Departure is an Asian restaurant and bar on the fifteenth floor of The Nines, a hotel in downtown Portland's Meier & Frank Building. Portland Monthly describes the restaurant as "a lively hub for creative, ambitious pan-Asian cuisine, a spot where Oregon’s produce, meats, and seafood are transmuted into bold yet comforting dishes that sizzle and pop with the big, bright flavors of chile, lime, and ginger". The menu "encompasses China (spring rolls, siu mai, fried rice) Japan (edamame, sashimi, kushiyaki) and Korea (a good bibimbap, stirred table-side)", and offers vegetarian and vegan options.
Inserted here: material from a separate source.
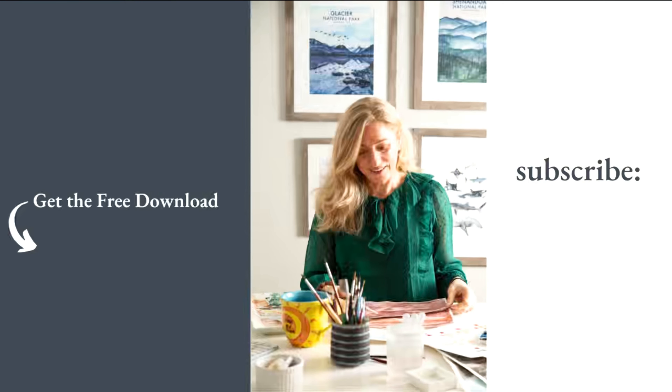As always, thanks so much for watching. If you like this video, go ahead and like it and please subscribe to the channel. If you're new to watercolors, go ahead and download those free resources to get you started, and I'll see you in the next video.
According to The Oregonians Michael Russell, Departure has a "Miami vibe" and "Asian-influenced" small plates.

==History==
Gregory Gourdet began serving as chef in 2010, when the "astro-sleek" restaurant "was better known for its bridge-and-tunnel singles scene than for its eats". Departure closed temporarily during the COVID-19 pandemic, but reopened on August 13, 2020.

==Reception==
According to Portland Monthly, "Visiting the restaurant, with its Vegas-style decks and unparalleled views of the city, is an expensive but giddy-making surprise: it's as if you went into a dressing room to try on a pair of gaudy Ed Hardy jeans and came out clad in an Armani suit." Michael Russell of The Oregonian wrote, "If you're interested in this kind of modern Asian fusion in Portland, you might be better off at Smallwares, Expatriate or The American Local, where the bill will be considerably lower. Then again, so will the view." Donald Olson of Frommer's rated Departure two out of three stars, and wrote, "This rooftop bar and restaurant atop The Nines hotel in downtown Portland serves good food but also has a remarkable outdoor terrace, very unusual in Portland. People definitely get dressed up to make the scene here, and most of them are under 40–er, make that 30."